### Data records
------------------------------------------------------------------------

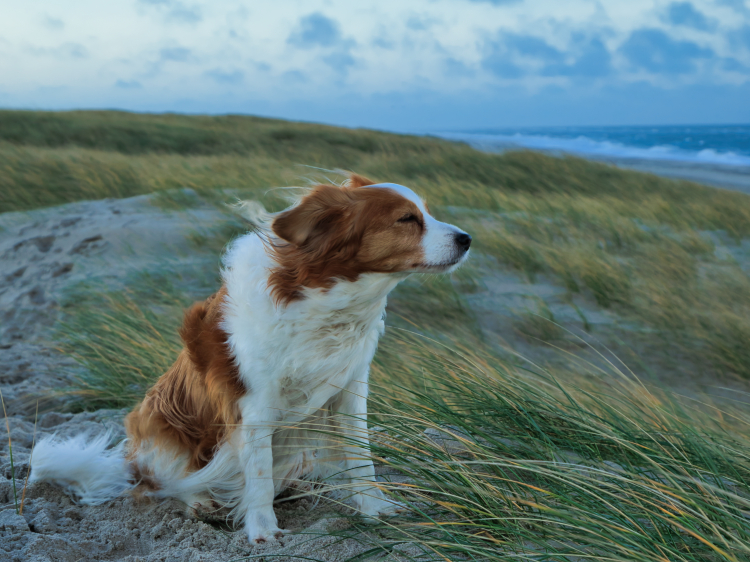 Urlaub mit Hund in Dänemark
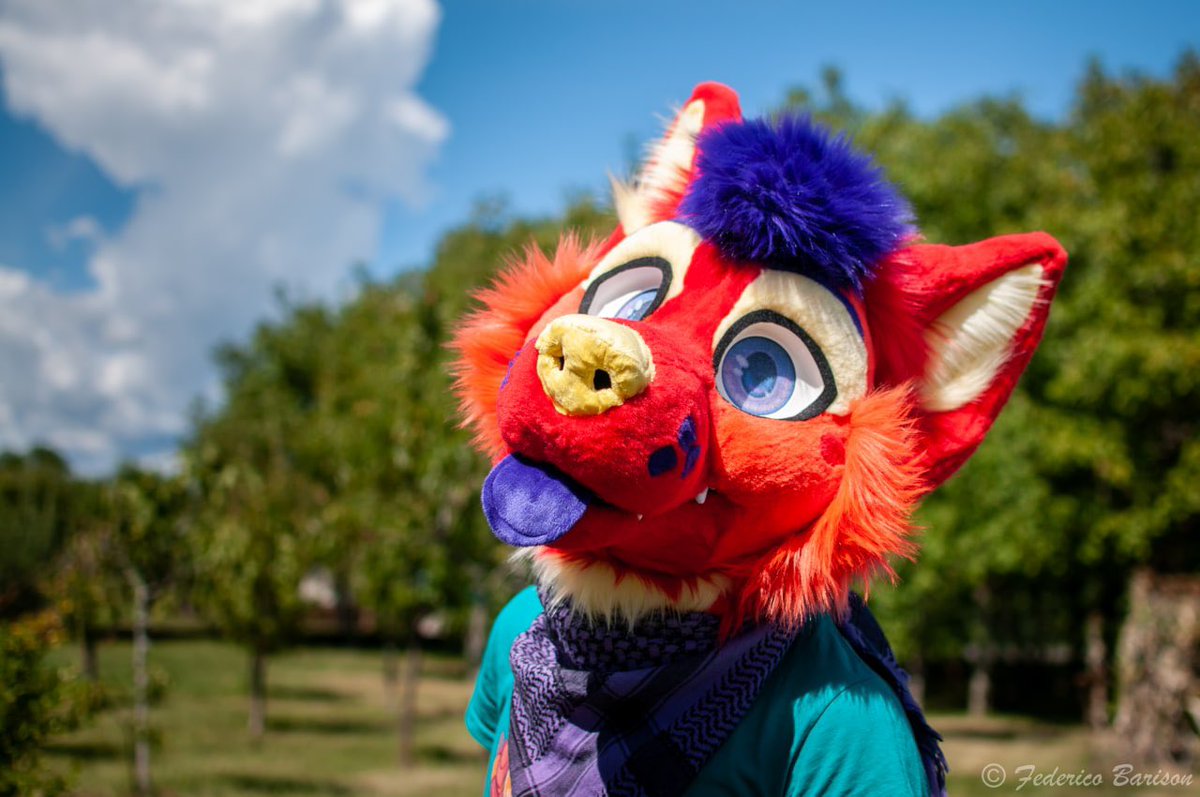 SpritzRedDawg's tweet photo. Do you know why dogs like to sunbathe? βοΈπΆ
.
.
.
Because βbarkβ π
πΈ: @Baritz3ββ
#StuffedTailSunday #StuffedTail #Furry #Fursuit #GShep #DogUnderTheSun #NewProfilePic https://t.co/LO66iD3q8P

------------------------------------------------------------------------

### Work to complete
Return only those lines that run from the one containing "Because βbarkβ π" through the end of the entries, keeping each exactly as written.

### Task response
Because βbarkβ π
πΈ: @Baritz3ββ
#StuffedTailSunday #StuffedTail #Furry #Fursuit #GShep #DogUnderTheSun #NewProfilePic https://t.co/LO66iD3q8P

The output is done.